Diesel drivers face higher fuel duty taxes and extra charges in urban centres across England, under the latest government plans to tackle air pollution.
In their detailed plans, ministers have revealed they intend to increase taxes on diesel cars or fuel, an issue that is currently subject to a review.
Government documents state that measures to tackle illegal levels of nitrogen dioxide (NO2), including a £255m fund for councils to implement Clean Air Zones (CAZ) among other schemes, would be funded ‘by relevant taxes on new diesel cars alongside existing departmental budgets’.
The CAZs are expected to be brought into at least five cities – including Birmingham, Leeds, Nottingham, Derby and Southampton – by the end 2019. A Defra spokesperson Highways that the Government still intends to mandate the five cities, and possibly other authorities, to implement CAZs.

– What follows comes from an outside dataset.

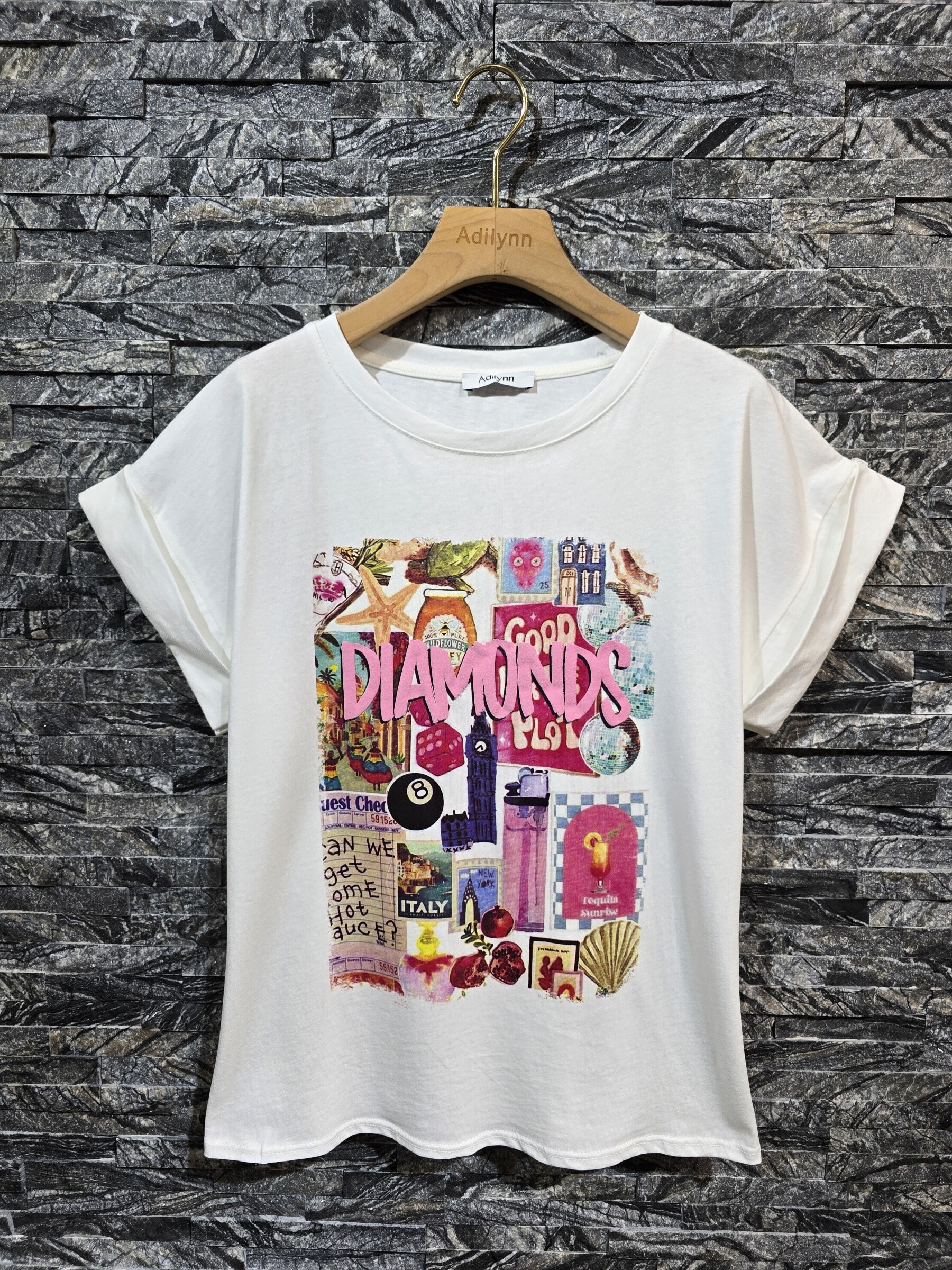 Wholesaler Adilynn - Cotton t-shirt, "diamonds" printed in relief, short sleeves with reverse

CAZs would see diesel and older petrol cars paying charges for entering the zones. London is implementing its own measures including a special £10-a-day T-charge for the most polluting vehicles, which will be in force by October 23 this year.

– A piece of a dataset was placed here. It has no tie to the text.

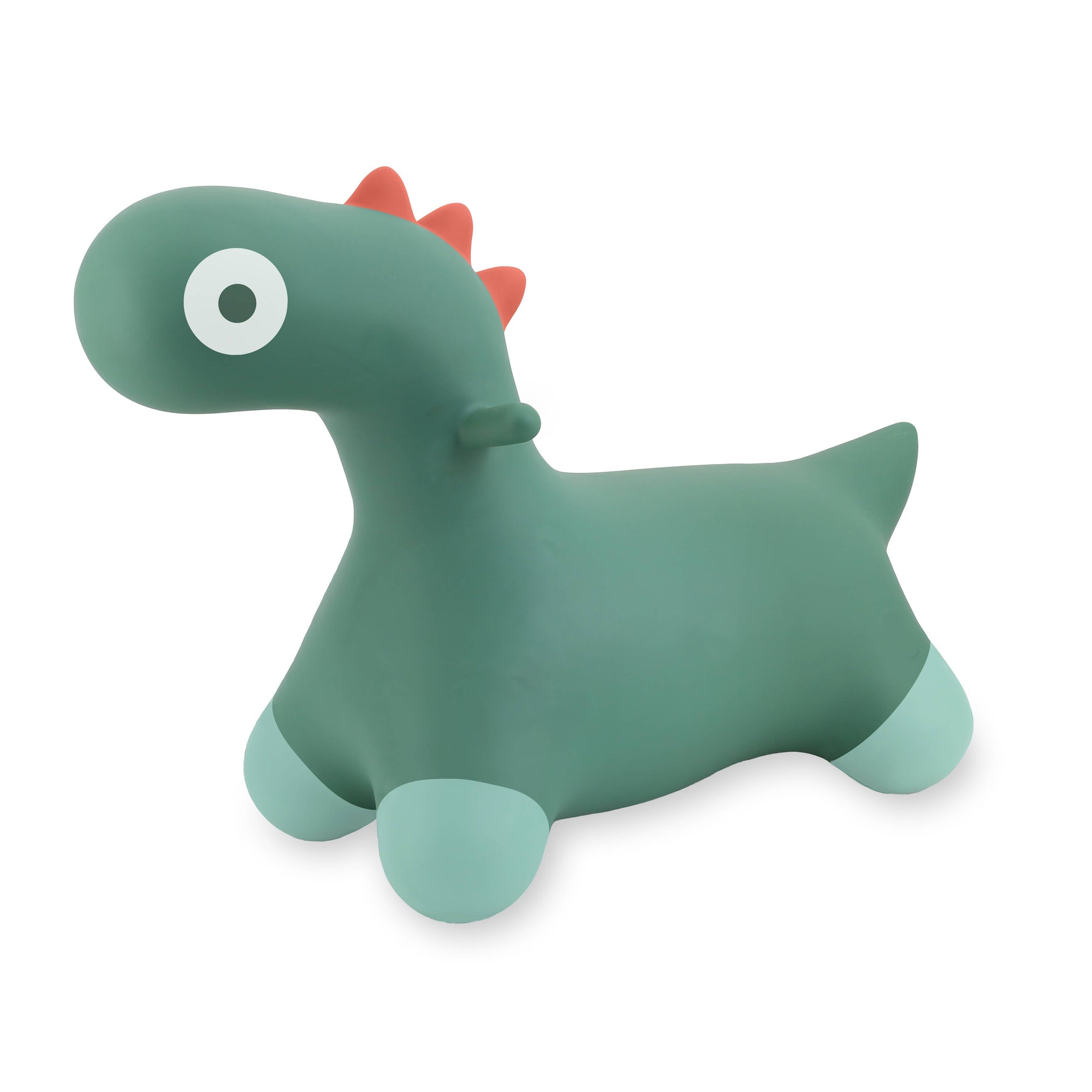 Green dinosaur-shaped toy on a white background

An Ultra Low Emissions Zone will also be introduced in central London in 2019.
A national diesel scrappage scheme has been mooted but ministers have stressed it would be ‘targeted’.
A government overview document states: ‘A targeted scrappage scheme will also be considered.’ However, the detailed plan notes that ‘analysis of previous schemes has shown poor value for the taxpayer and that they are open to a degree of fraud’.